McKenna has been the Mosquito park manager for 11 years. She and Gilliland advocate for management to control vegetation instead of complete eradication of the greenery. They cite the need to strike a balance between the interests of bass anglers and the others who play on the weedy waters.

My Bassmaster article reported: “As the vegetation thrived and spread seven or eight years ago, officials started receiving complaints from walleye fishermen, boaters and swimmers. They tried using a harvester around the launches, marina and swim beach.”

Harvesting proved to be ineffective, so officials put their heads together to find another way to manage the plants.

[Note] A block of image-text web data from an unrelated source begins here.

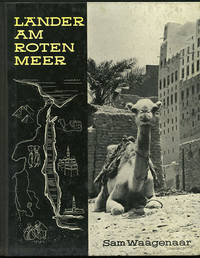 Lander Am Roten Meer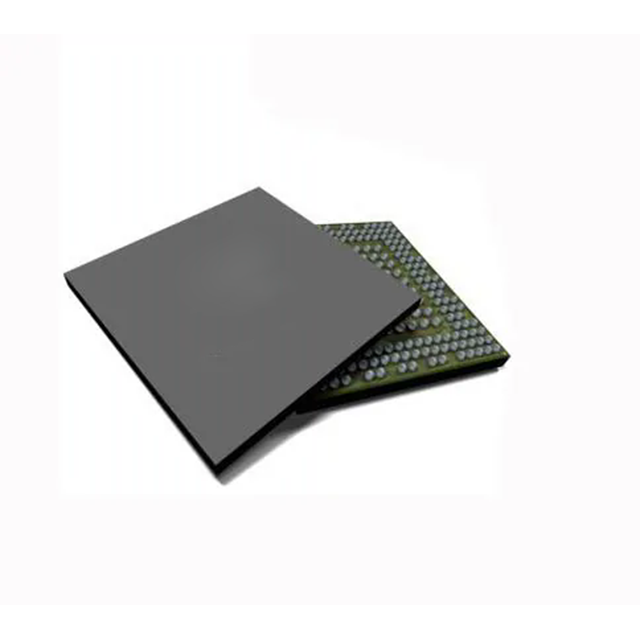 ST Микропроцессор-MPU STM32MP257AAI3 32-бит 400MHz двухъядерный микропроцессор IC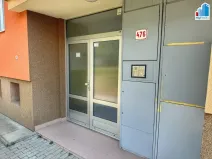 Prodej bytu 3+1, Kaznějov, 65 m2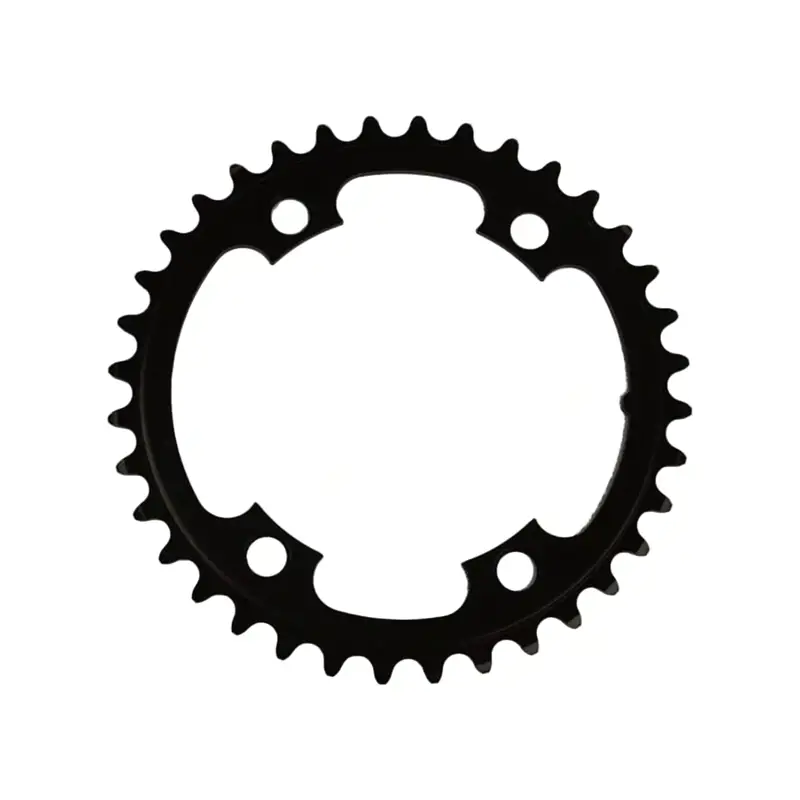 Balfes Bikes Shimano FC-RS510 11 Speed Inner Chainring 36T in Black | Free postage over £30, £10 off first order, price match & 0% finance.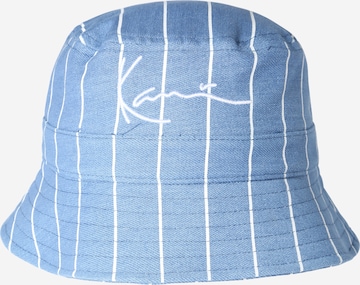 Chapeaux Karl Kani en bleu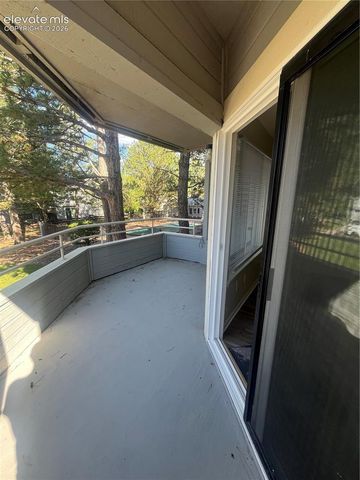 3610 Iguana Drive, Colorado Springs, CO 80910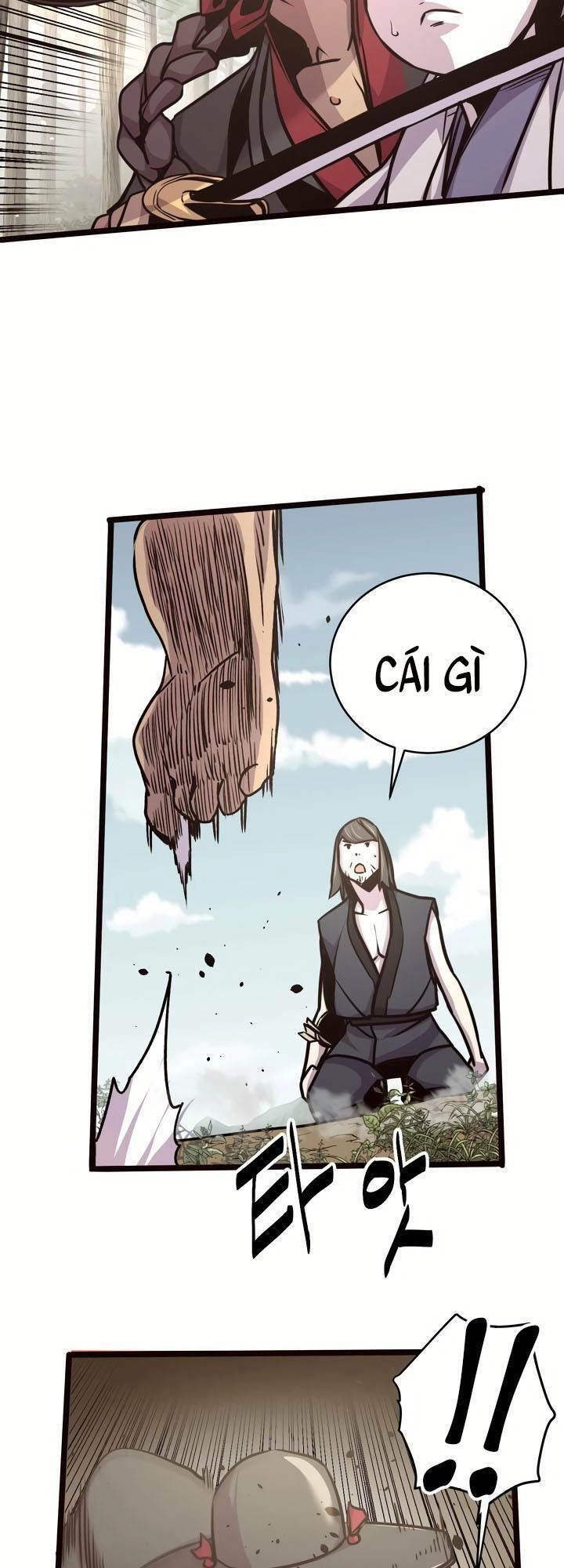 Kẻ Thù Chapter 27 - 58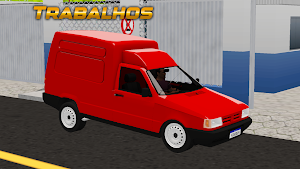 Fixa Club Brasil - Street Cars Screenshot 2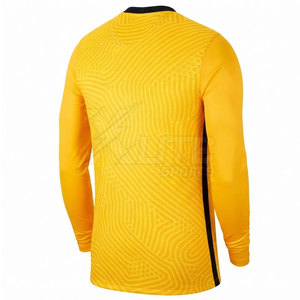 Jersey de Fútbol de Manga Larga para Clubes, con Tela Transpirable que Absorbe la Humedad, para Adultos, Varias Opciones de Talla - Product Image 2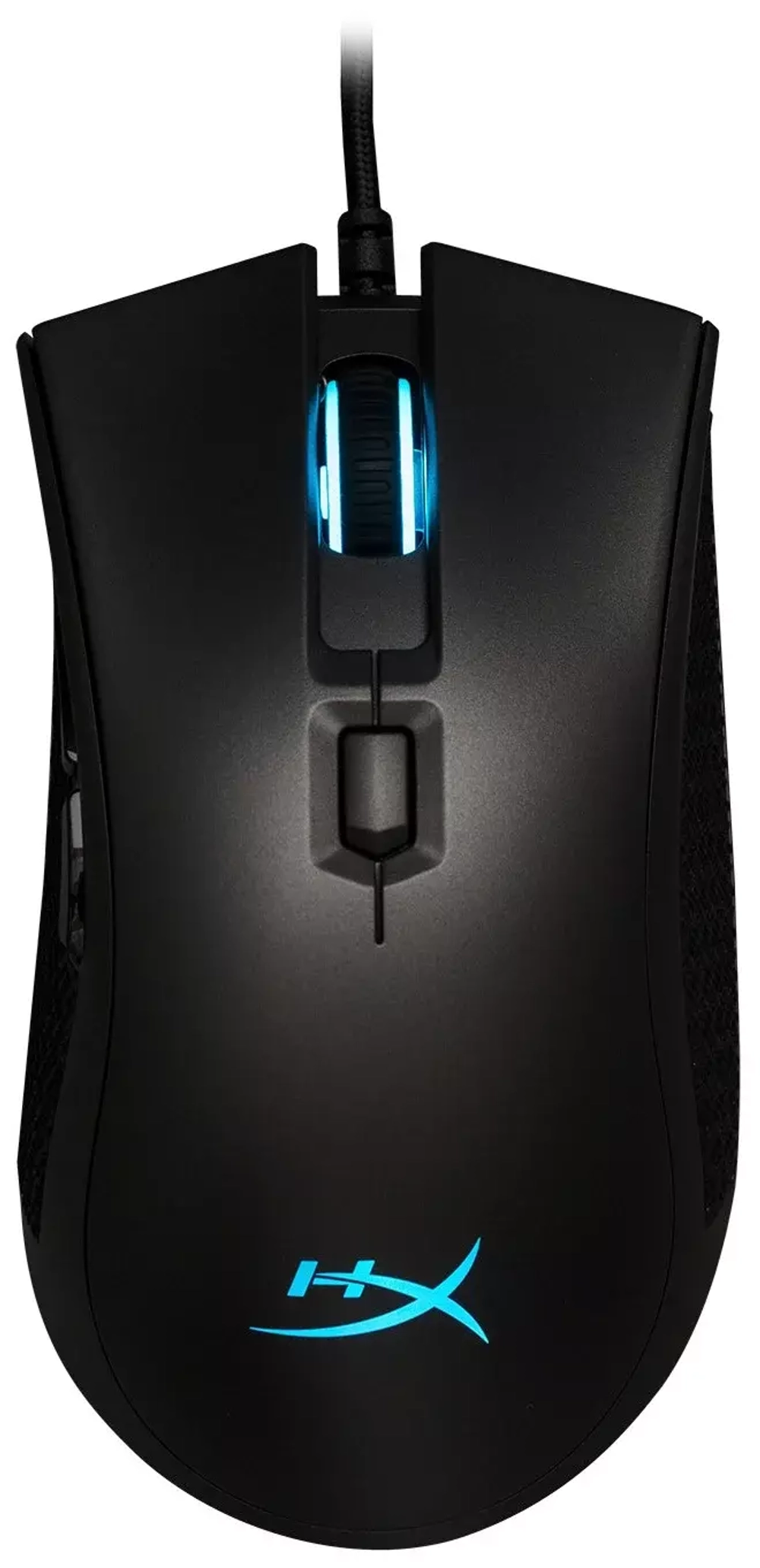 Игровая мышь HyperX Pulsefire FPS Pro, черный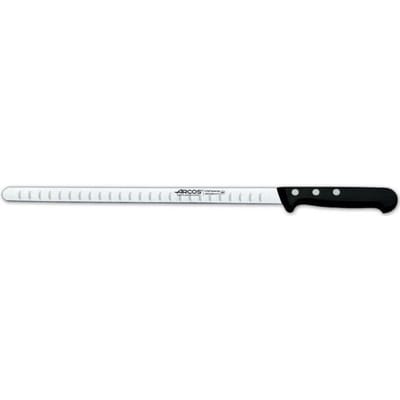 Couteau à saumon - Arcos - Universal 284004 - Acier NITRUM - Lame 29 cm - Manche POM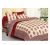 KC140100 - Double Bed Premium Quality Cotton Bedsheet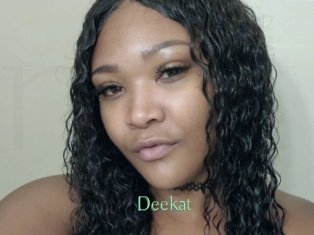 Deekat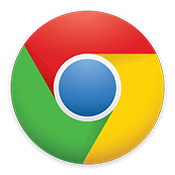 Google Chrome - Meilleur navigateur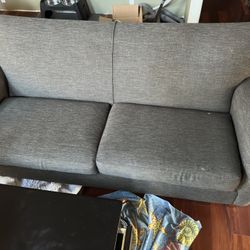 Couch  / Bed
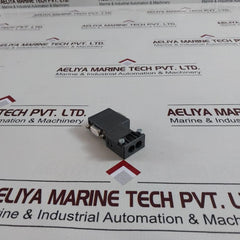 Siemens 6es7 972-0bb12-0xa0 profibus bus connector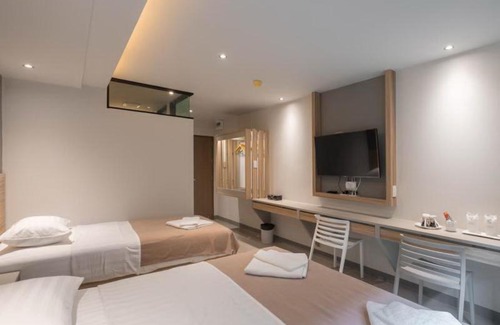 Samsen Nai Apartment | Haven 35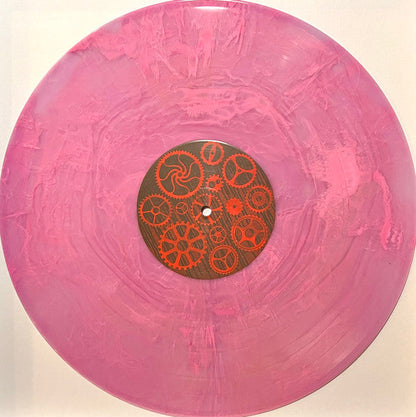 Asei Kobayashi - House (Original Motion Picture Soundtrack) (PINK SMOKE VINYL) | Near Mint (NM) Near Mint (NM)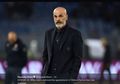 Link Live Streaming AC Milan Vs Napoli Liga Italia - Pioli Harap Timnya Tampil Serius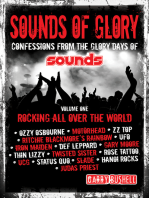 Sounds of Glory Vol 1 Rocking All Over the World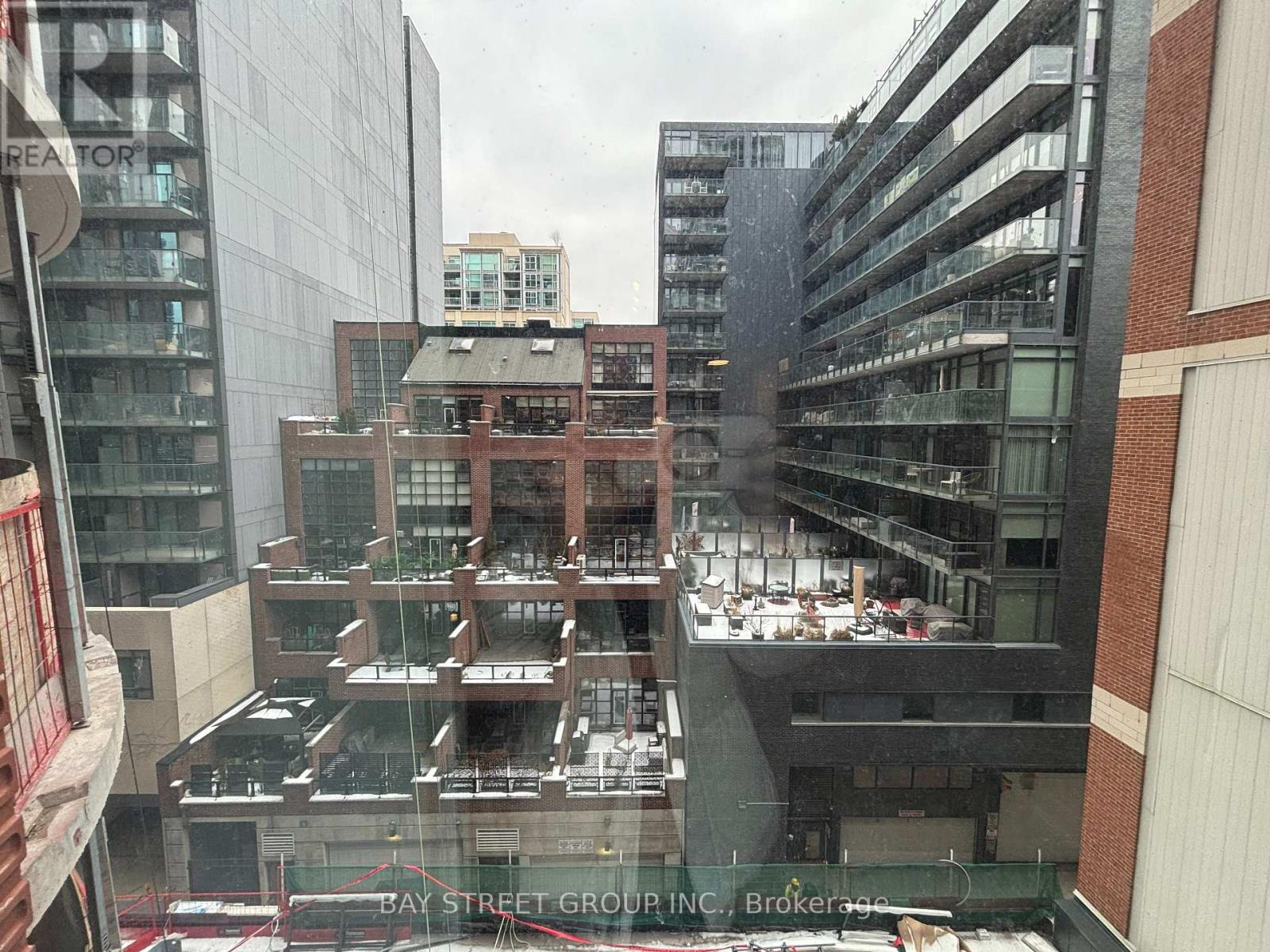 705 - 180 Front Street E, Toronto, Ontario  M5A 0K9 - Photo 13 - C12829296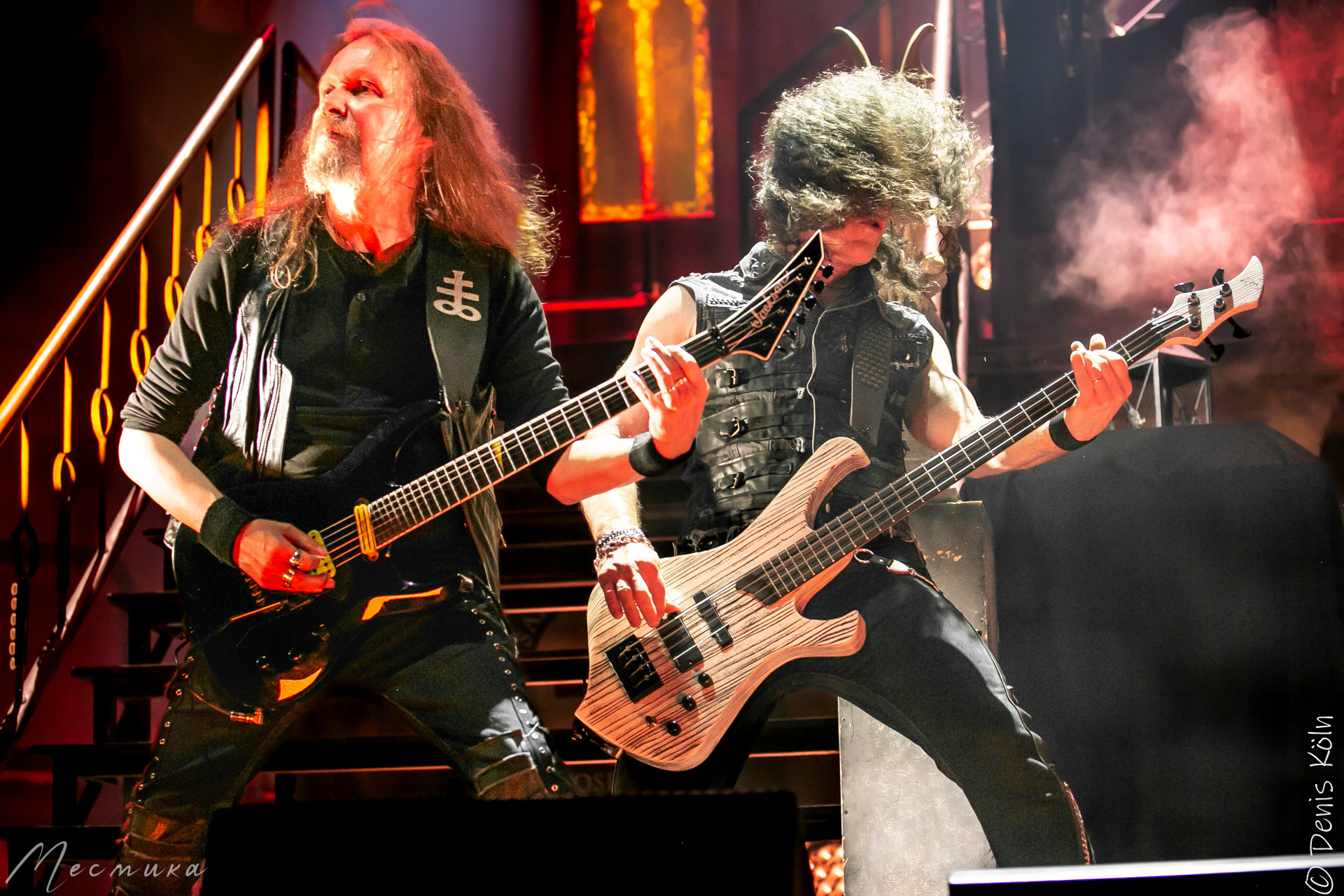 King Diamond, Ludwigsburg 14.06.25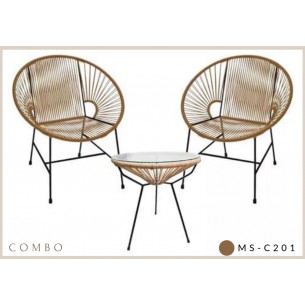 MIL SILLAS COMBO CAPRI... 2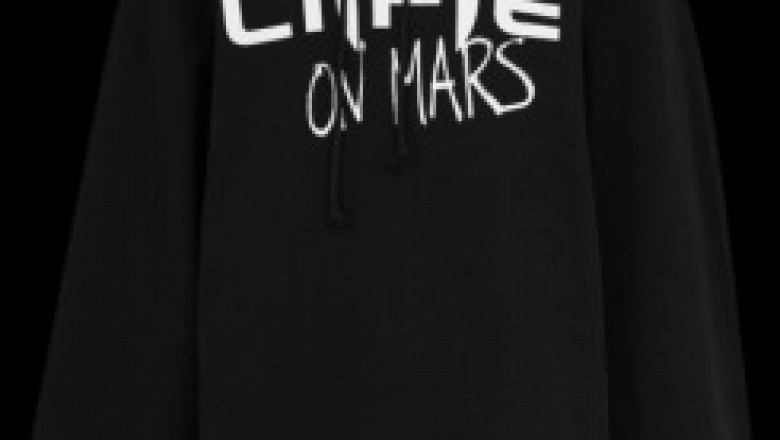 Discover the Bold Style of Raf Simons Hoodies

“In ’22, we worked with the U.S. Army Corps of Engineers, Ohio EPA, Cleveland Metroparks, Ohio divisions of Wildlife, Parks and Watercraft, and the Warren Water Department, and came up with a management plan,” McKenna said in the Bassmaster article.

The plan involves treating select patches of hydrilla with fluridone pellets, McKenna said. As the fluridone dissolves in the water, it removes the hydrilla plant’s chlorophyll, which is essential for the photosynthesis that sustains plant growth.

“We fishermen hope whatever measures are taken to control vegetation, whether native or invasive, rather than deciding to eliminate them, we get all of the stakeholders together-bass anglers, walleye, crappie, water skiers, boaters, whoever lives around the lake-and come up with a plan to manage rather than eradicate plant species,” Gilliland said in the article. “Invasive species can be a real problem, even to bass anglers. There can be too much of a good thing. When invasive species come into a body of water, for a period of time they do a good thing. Then as the percentage of cover increases, they can provide too much cover, and forage can hide too effectively.”

Hysteria, meanwhile, is echoing from pro-grass anglers and the anti-grassers who wish to kill off the invasive plants. Recent TV news coverage of Trumbull County Commissioner Denny Malloy’s “eradicate” comments have heightened concerns about the future of Mosquito Lake’s growing largemouth bass population. Anglers fear officials will go too far in fighting the hydrilla, poison the environment and wipe out the recent gains in Mosquito’s bass fishing.

My personal experience on Mosquito Lake extends back to 1977. I’ve fished there for walleyes, crappies and largemouth bass. In my opinion, Mosquito has never been healthier than it is today. The base of forage fish — shad, perch and bluegill primarily — is rock solid. Predator fish are obviously eating very well. I have no doubt today’s outstanding bass fishing is because of the healthy weed beds.

As long as a balanced percentage of Mosquito Lake’s 7,000 surface acres support aquatic vegetation, the future there looks bright. Catches already this spring point to another outstanding year of fishing and I believe Mosquito’s management is thinking productively.

“Mosquito is an amazing fishery and we want to keep it that way,” McKenna said.